Diversamente fu assolto dall’accusa di coinvolgimento nell’omicidio del banchiere Roberto Calvi per insufficienza di prove.
Ma nell’inchiesta dei dei magistrati di Roma Tescaroli e Monterone emersero degli elementi che collegavano Flavio Carboni e Pippo Calò all’omicidio del banchiere Roberto Calvi. Flavio Carboni era infatti sospettato di aver intrattenuto rapporti di un certo spessore con il banchiere assassinato, del quale avrebbe — successivamente alla sua morte — ricettato la borsa e i documenti contenuti, vendendoli ad un alto prelato dell’Istituto per le Opere di Religione, monsignor Pavol Hnilica. Per tale ricettazione Carboni il 2 marzo 2000 fu condannato con il pregiudicato romano Giulio Lena, mentre monsignor Hnilica (che intendeva proteggere, dichiarò, il buon nome della Chiesa cattolica e di papa Giovanni Paolo II) fu assolto per aver agito in stato di necessità. La prima sentenza fu dichiarata nulla per vizio di procedura, ma ne seguì dopo poco un’altra che confermava i dispositivi della prima. In appello Carboni e Lena vennero assolti.
Successivamente, nel 1997 fu emessa un’ordinanza di custodia cautelare a carico di Pippo Calò e Flavio Carboni, accusati di essere i mandanti dell’omicidio. E’ così che nell’ottobre 2005 il noto faccendiere, con l’ex compagna Manuela Kleinszig, Pippo Calò ed Ernesto Diotallevi, esponente della Banda della Magliana, finirono a processo.
Venne assolto in primo grado dall’accusa di omicidio aggravato e premeditato in danno di Calvi, anche per effetto dello smascheramento del falso alibi inizialmente fornitogli da una parente residente nella capitale inglese.
Colpo di scena nel caso Rossi, la mail dove annunciava il suicidio creata dopo la morte
L’inchiesta del pm Luca Tescaroli
Nel marzo del 2007 il pm Luca Tescaroli aveva invece chiesto l’ergastolo per Pippo Calò, Flavio Carboni, Ernesto Diotallevi e Silvano Vittor, accusato di essere stato uno degli esecutori materiali del delitto; assoluzione piena era stata invece richiesta per la Kleinszig.

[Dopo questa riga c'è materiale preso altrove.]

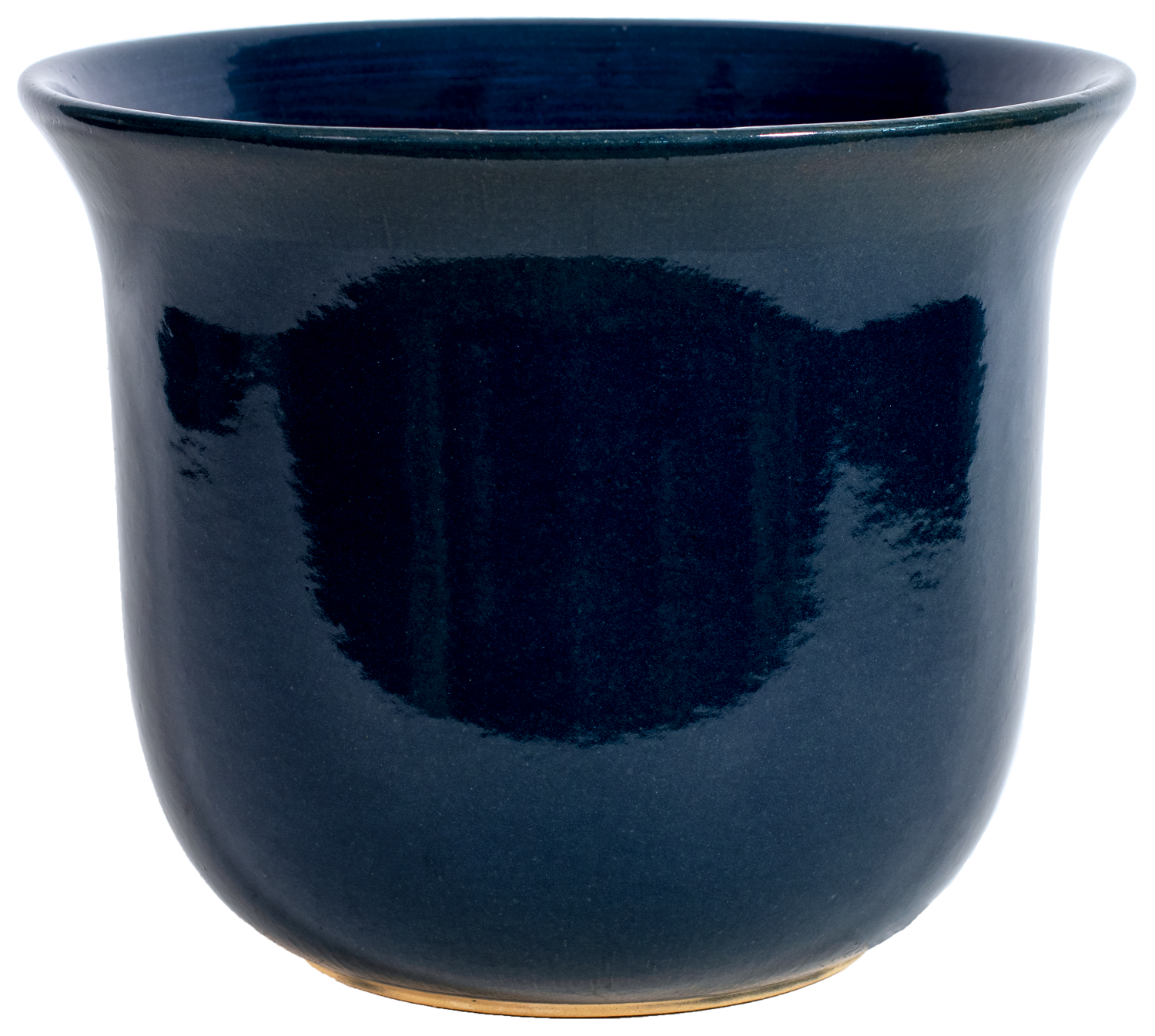 large ceramic blue planter in a bell shape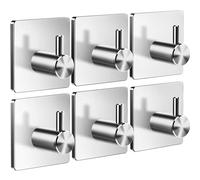 Menz ZT - Ganchos adhesivos para baño y cocina (6 unidades, acero inoxidable, autoadhesivos)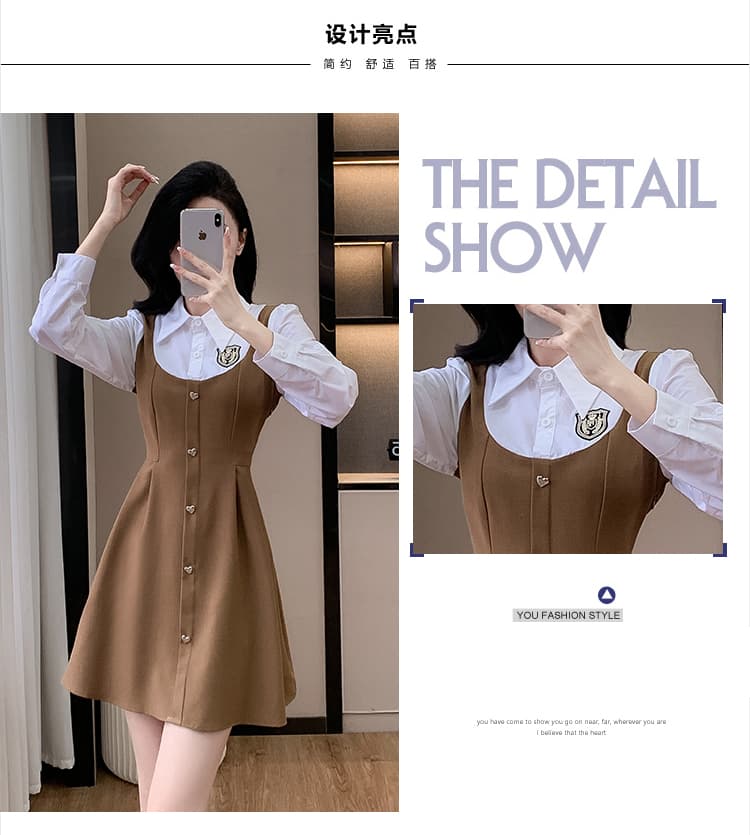 2026 년 아메리칸 페이크 레이어드 셔츠 칼라 패치워크 허리 수축 슬림해 보이는 패션 연령 감소 표지 배 작은 키 드레스 상세 이미지 12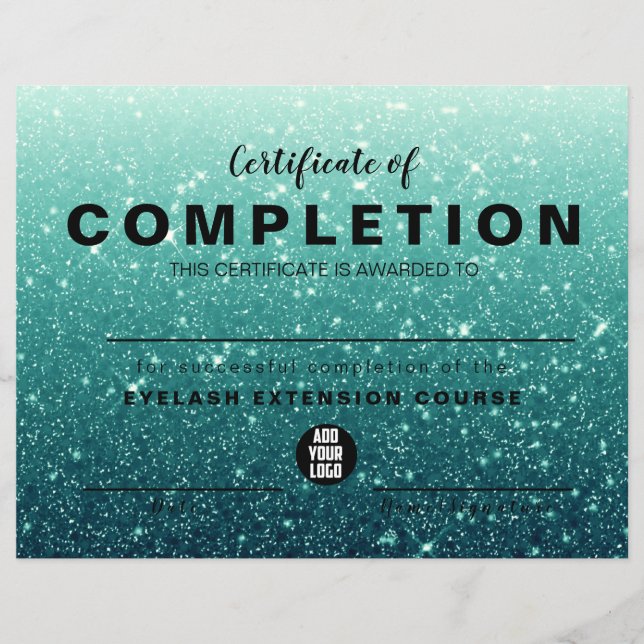Modern Turquoise Glitter Certificate of Completion (Front)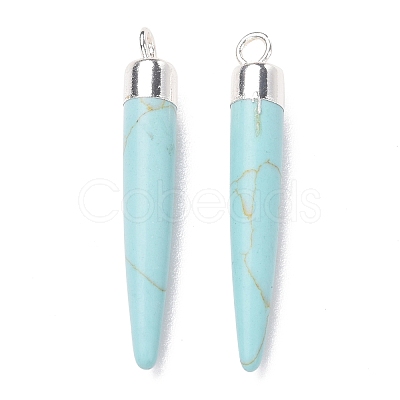 Natural Gemstone Brass Pointed Pendants G-B025-02P-1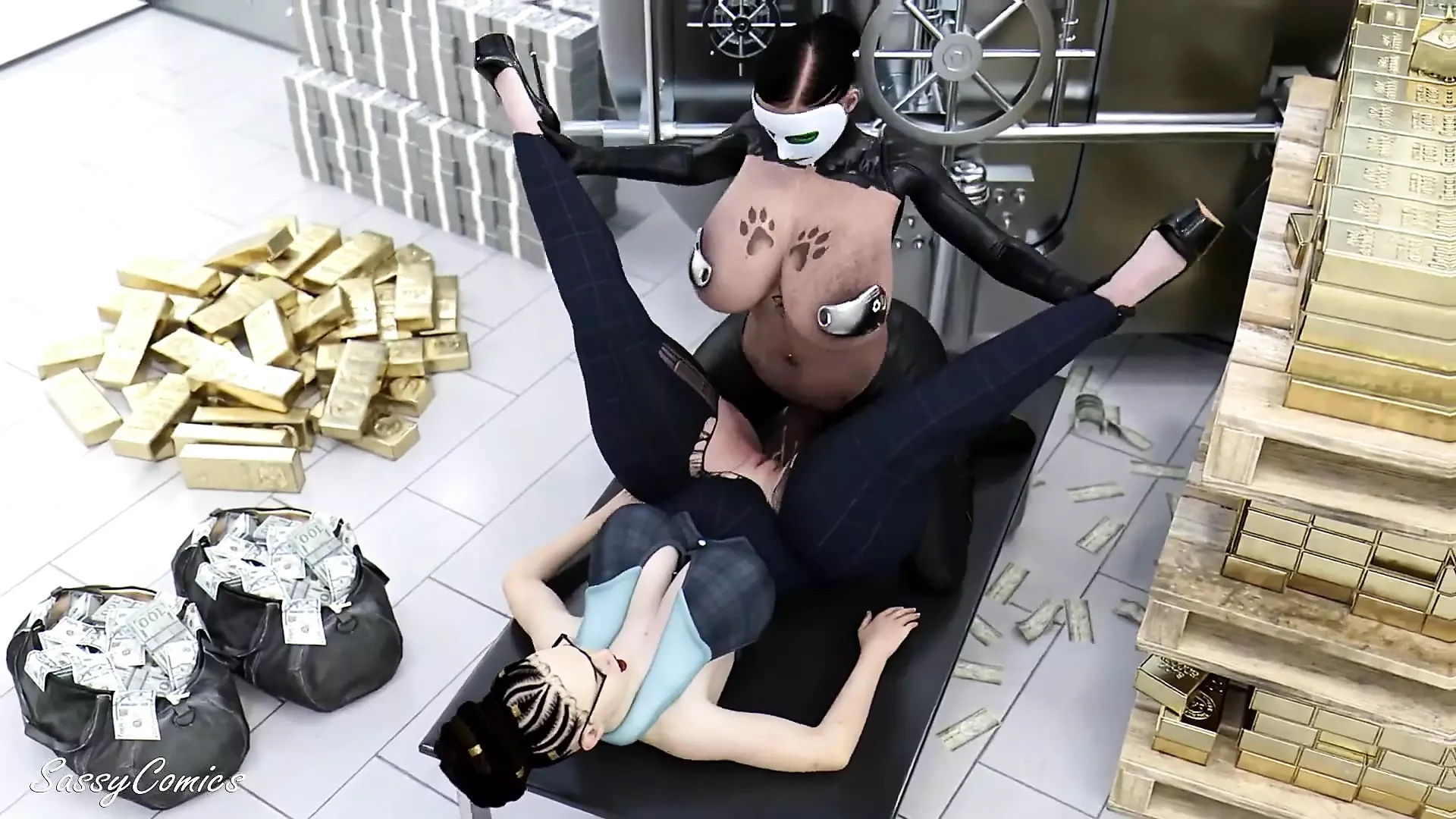 Horny Thief Anal Fuck Bank Manager After Robbing the Vault - Sassycomics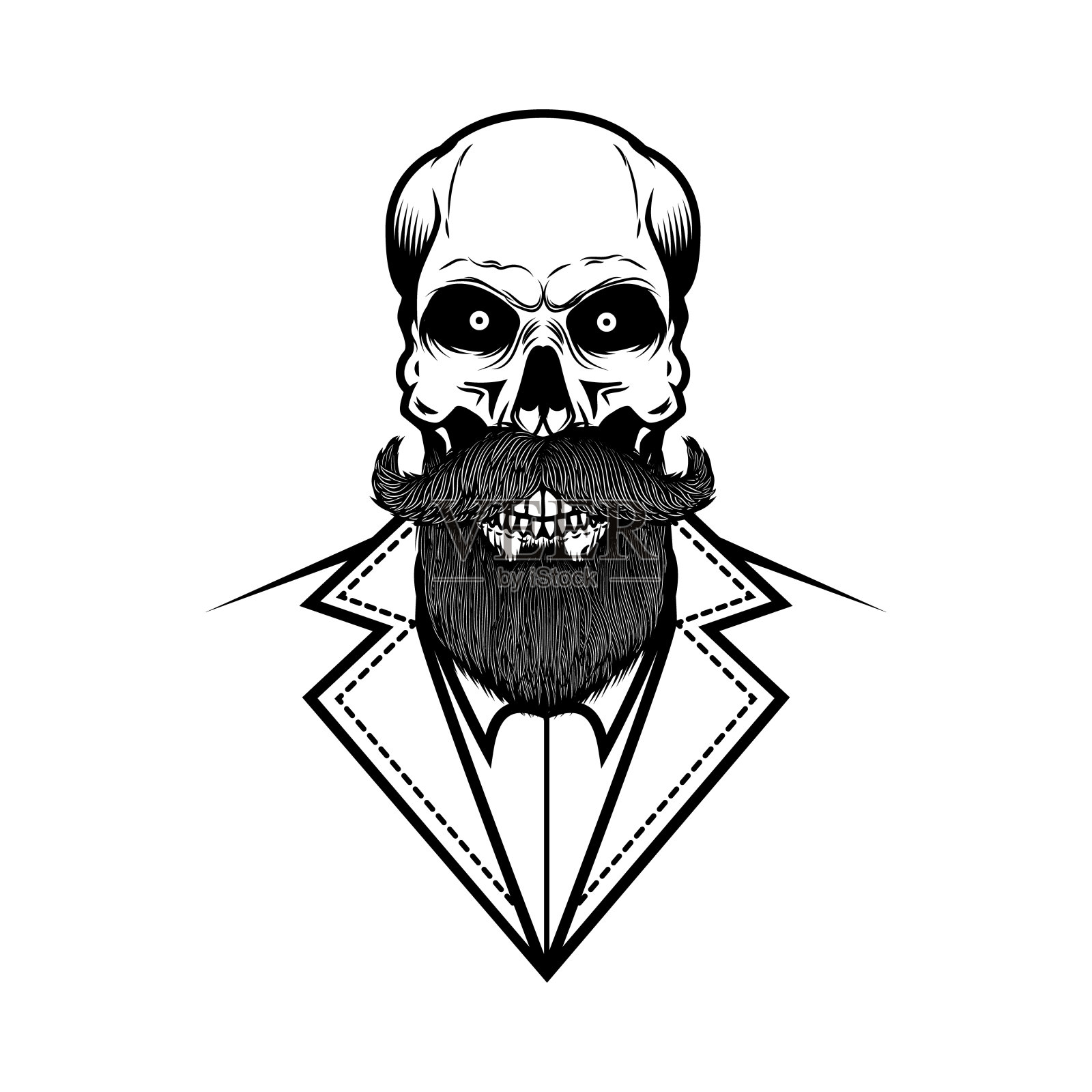 复古单色风格的大胡子潮人头骨插图。徽章、标志、海报、卡片、横幅的设计元素。矢量图插画图片素材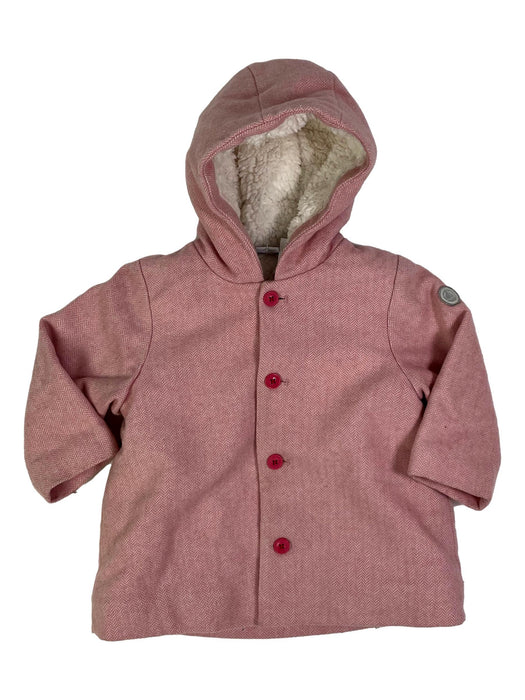 PETIT BATEAU 18 mois manteau rose laine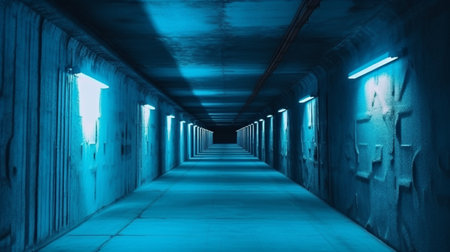 3d illustration of a tunnel corridor with light coming from the endの素材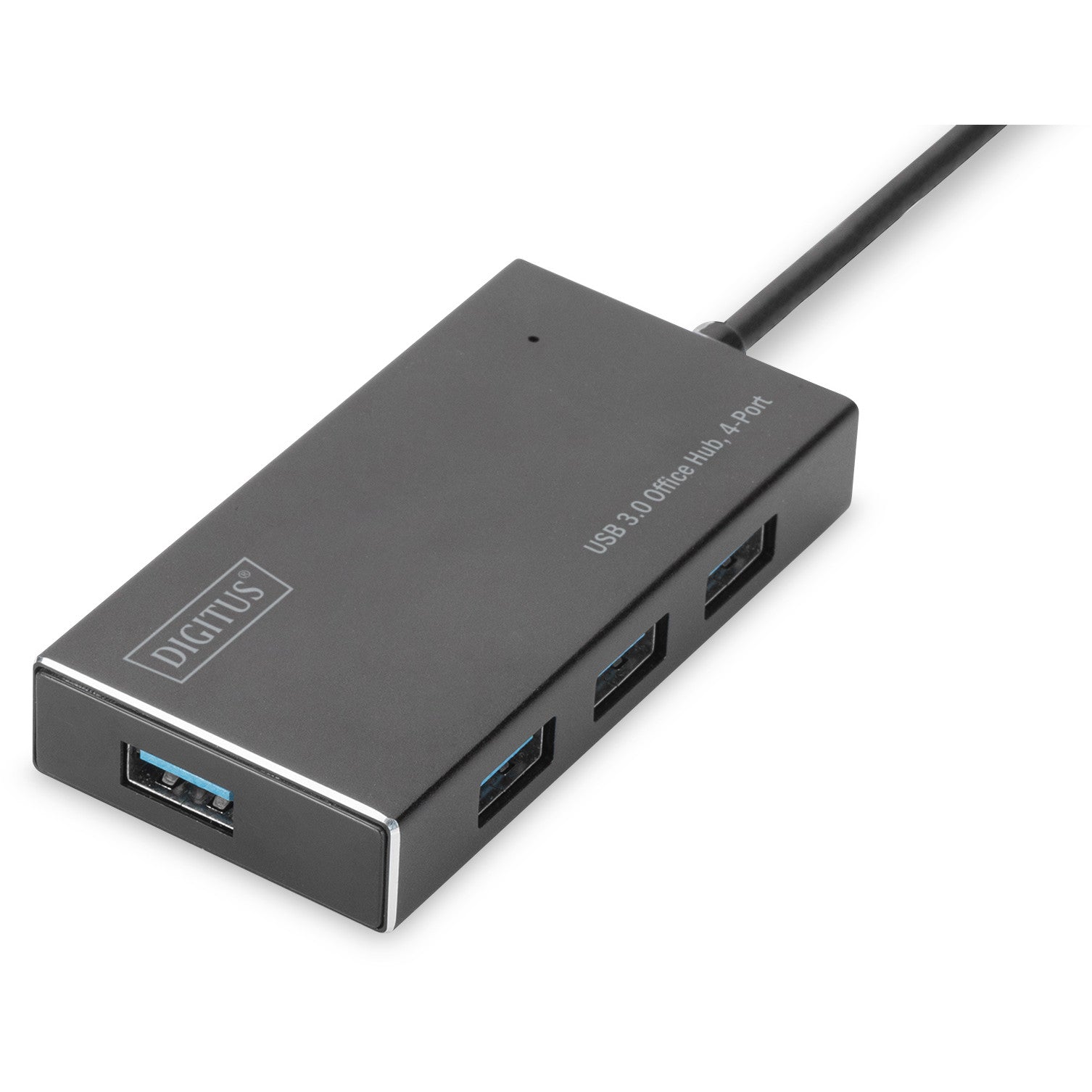 Digitus USB 3.0 kancelarijski hub. 4 porta. USB 3.2 Gen 1 (3.1 Gen 1) Tip-A. USB 3.2 Gen 1 (3.1 Gen 1) Tip-A. 5000 Mbps. Crni. Aluminijumski. 1,2 m.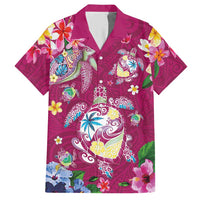 Hawaiian Turtles and Tropical Plants Hawaiian Shirt Pink Watercolor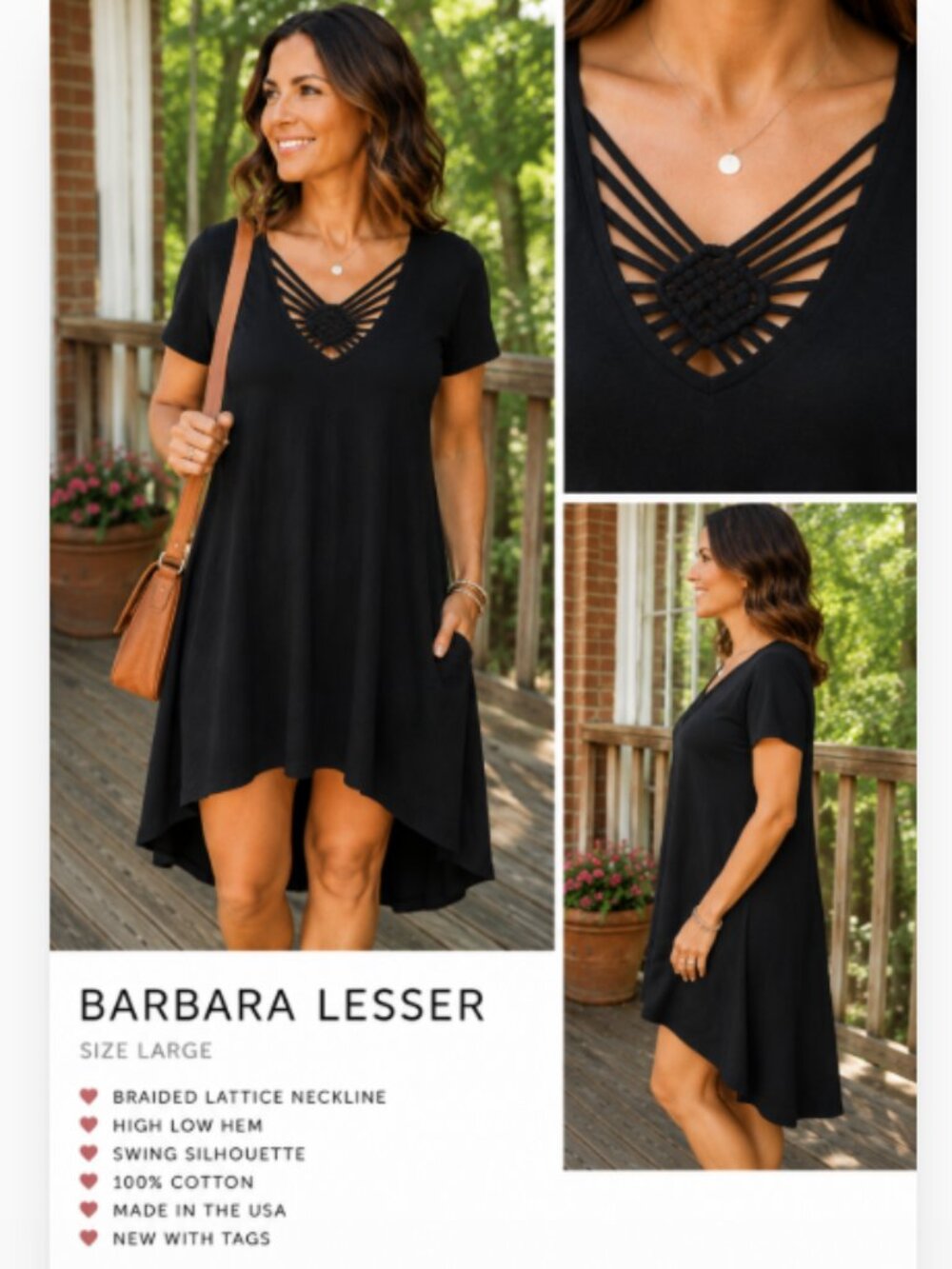 Barbara Lesser Size LARGE Black Cotton Swing Dress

Nel giugno di quello stesso anno arrivò per tutti l’assoluzione per insufficienza di prove. Dal processo risultò comunque provato il dato che Cosa Nostra avesse utilizzato “il Banco Ambrosiano e lo Ior come tramite per massicce operazioni di riciclaggio”.
Sull’esito di quel processo il magistrato Luca Tescaroli, oggi procuratore aggiunto a Firenze, al ‘Corriere della Sera’ ha ricordato che l’assoluzione di Carboni avvenne ai sensi dell’art. 530 2 c. C. P. , ovvero ‘motivazione insufficiente o contraddittoria’. Cioé la vecchia insufficienza di prove, non dunque del tutto liberatoria”. Nel maggio 2010 le assoluzioni furono confermate anche in appello.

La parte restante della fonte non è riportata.